I received an E-mail today that I responded to, quickly and efficiently, the answer that came to me as the correct answer to the E-mail. And having such great friends and business partners, one of my friends, who knows me well, saw my response and in essence, wrote back, “Who said that?” Those were not his exact words, but that is the meaning I had gotten out of his words. Him, knowing how I feel about certain things, I suppose he was surprised by my answer that seemed contrary to my current stand on the issue in question.
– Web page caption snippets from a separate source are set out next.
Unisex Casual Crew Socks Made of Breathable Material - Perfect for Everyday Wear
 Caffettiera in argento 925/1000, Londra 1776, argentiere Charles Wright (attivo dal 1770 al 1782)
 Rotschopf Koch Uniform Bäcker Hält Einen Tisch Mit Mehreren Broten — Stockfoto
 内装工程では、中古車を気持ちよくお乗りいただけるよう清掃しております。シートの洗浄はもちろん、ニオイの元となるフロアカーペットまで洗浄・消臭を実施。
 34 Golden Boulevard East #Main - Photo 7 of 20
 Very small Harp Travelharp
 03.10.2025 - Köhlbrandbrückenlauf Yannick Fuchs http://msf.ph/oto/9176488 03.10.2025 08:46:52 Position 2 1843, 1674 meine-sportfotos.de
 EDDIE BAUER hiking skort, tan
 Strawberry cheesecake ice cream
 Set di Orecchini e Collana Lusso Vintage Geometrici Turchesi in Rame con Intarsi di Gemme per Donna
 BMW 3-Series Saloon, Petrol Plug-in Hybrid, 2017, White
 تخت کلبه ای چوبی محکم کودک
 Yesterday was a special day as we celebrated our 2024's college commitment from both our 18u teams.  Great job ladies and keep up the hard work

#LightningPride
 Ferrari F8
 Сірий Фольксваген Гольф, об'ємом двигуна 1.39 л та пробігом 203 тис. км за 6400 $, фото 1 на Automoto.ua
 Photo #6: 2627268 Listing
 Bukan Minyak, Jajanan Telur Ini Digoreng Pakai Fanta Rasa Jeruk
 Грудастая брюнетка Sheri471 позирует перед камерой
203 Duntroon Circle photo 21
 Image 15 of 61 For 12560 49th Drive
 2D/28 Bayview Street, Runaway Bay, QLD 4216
The obvious answer I would give to the question, “Who said that?” is, “I did.” It’s not as if someone has taken over my E-mail account and has started answering my E-mails for me. And it is not as if someone has taken over my body or my mind and been answering E-mails that are out of character for me. Or is it?
Maybe no one or nothing has taken over my mind, but what if my mind has already been preprogrammed with some information that takes over automatically when triggered and bypasses my current stand, understanding, or ways of being? The issue or question posed by the original E-mail that I received was one that I currently have a desire to explore and learn about, yet my “automatic,” quick response was one of disinterest at the present time. Hmmm. Why would I answer, without thinking, as if I was disinterested or was against exploring it?
When my friend shot the E-mail back to me and wrote, “Who said that?” having been made to look at it, I was shocked as to what the true answer was. The answer was, my Father. It’s not that the spirit of my Father, who has long been gone, answered for me, but rather, I believe, that his answer to this same question, since it came up in our lives when I was a child, was so strong and his belief so unwavering that my response was almost Pavlovian.
Every time this topic, question or issue would come up, my Father would have the same response. So every time I would hear question “A,” the answer from my Father would be automatically, “B.” So, today, when I was asked question “A” in an E-mail, I automatically responded with “B,” even though I don’t agree with “B” any longer. Scary stuff, right?
It’s interesting how not only am I questioning myself and how many other “automatic” responses I have that bypass my current beliefs or understandings, but whether or not my Father was doing the same thing? I wonder if his belief in “B” was something he believed in, or if he was programmed, either by his Father or Mother, School, Society, Culture, Religion, Government… at the time, and never stopped to think, or had a friend stop him and make him look back at his decision or stand or answers or actions…
And if not “programmed,” I wonder whether my Father would answer with “B” when confronted with “A” because of his personal experiences, fears, ignorance, etc. If my Father were still around, I don’t know if he would be open to my questioning him about this or any of his decisions, answers, comments, beliefs, etc., at this point. But what I do know, is that I am grateful that I have those in my life that care enough about me to stop me and say, “Who said that?” so I can learn how to “speak for myself,” from now on!